Posted by Dave Tabler | July 14, 2015

‘Musty’ is one of those old-fashioned words you don’t hear used much anymore. You might on occasion refer to a damp basement that way, and that’s about it. But in the late nineteenth and early twentieth century the word struck fear in the hearts of mountain folk.

One of the great comforts of jokes is that they help us live with life’s terrors. Defang a fear with laughter, as it were. My grandmother Pauline Winifred Tabler, who was born in 1901, told us kids a story involving mustiness which she thought uproariously funny, but which made our eyes roll every time she told it again. She knew something about mustiness that we’d never have to experience, however.

corn varieties

Pauline loved to bake cakes, did so frequently from scratch, and was quite proud of her culinary ability. One fine summer morning her friend Hattie Rakestraw dropped by when Pauline had just finished baking. They got to chatting over a cup of coffee while the German chocolate cake cooled on the open windowsill. Finally they cut a few slices to try. Hattie, an inveterate trickster, stopped chewing mid-forkful and looked Pauline dead in the eye. “Pauline,” she said slowly, “this cake is musty!” She carefully set the plate down and stepped back.
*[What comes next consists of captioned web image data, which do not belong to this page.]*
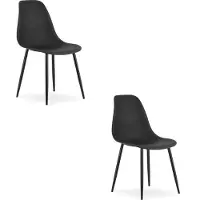 Leobert Chaise WAT noire / pieds noirs x 2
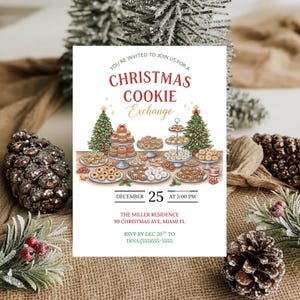 May include: A Christmas Cookie Exchange invitation with a festive design. The invitation features illustrations of various cookies on tiered platters and plates, with Christmas trees on either side. The text reads "Christmas Cookie Exchange" and includes the date, time, and location.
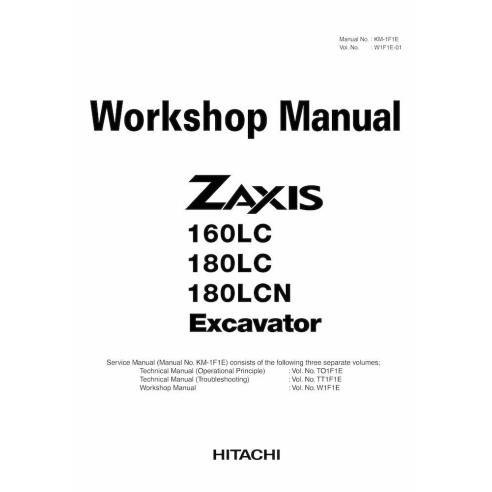 Hitachi 160LC, 180LC, 180LCN excavadora pdf manual de taller - Hitachi manuales - HITACHI-W1F1E-01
Pauline panicked. “How could that possibly be?? Hattie, I swear to you I was just to town the other day to get all the ingredients fresh.”
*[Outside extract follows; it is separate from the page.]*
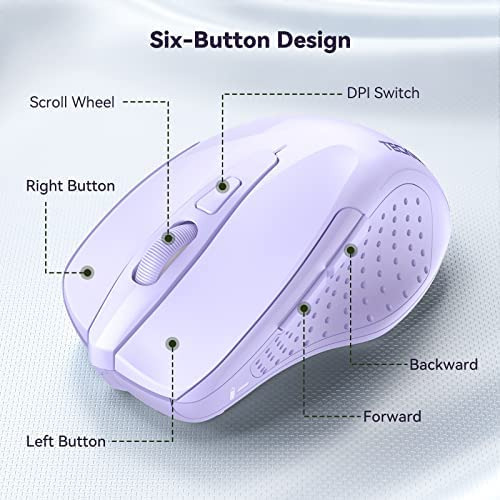 Ratón Tecknet Pro M003 En Ámbrico/lavanda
Hattie was known to gossip, and the last thing Pauline needed was to be the local pariah, the hostess who poisoned her guests.

“You know that cake couldn’t possibly have mold—you saw yourself it came straight out of the oven!” She was very near tears.

Hattie struck a long theatrical pause.

After watching her mark squirm sufficiently, she swooped back to table edge, grabbed the fork and pronounced “I MUST have another piece.” And they both broke down laughing in relief.

When Pauline and Hattie were both growing up, musty corn (and any food containing contaminated corn products) was thought to be the cause of the life-threatening disease pellagra, a condition that we understand today results from a lack of niacin. Mountaineers of that era noticed that it struck in the winter season. And of course for families who relied on the store of dried corn to make it through the winter, it must have been a daunting choice to either eat corn that had gone musty, risking pellagra and death, or go without, risking starvation and death.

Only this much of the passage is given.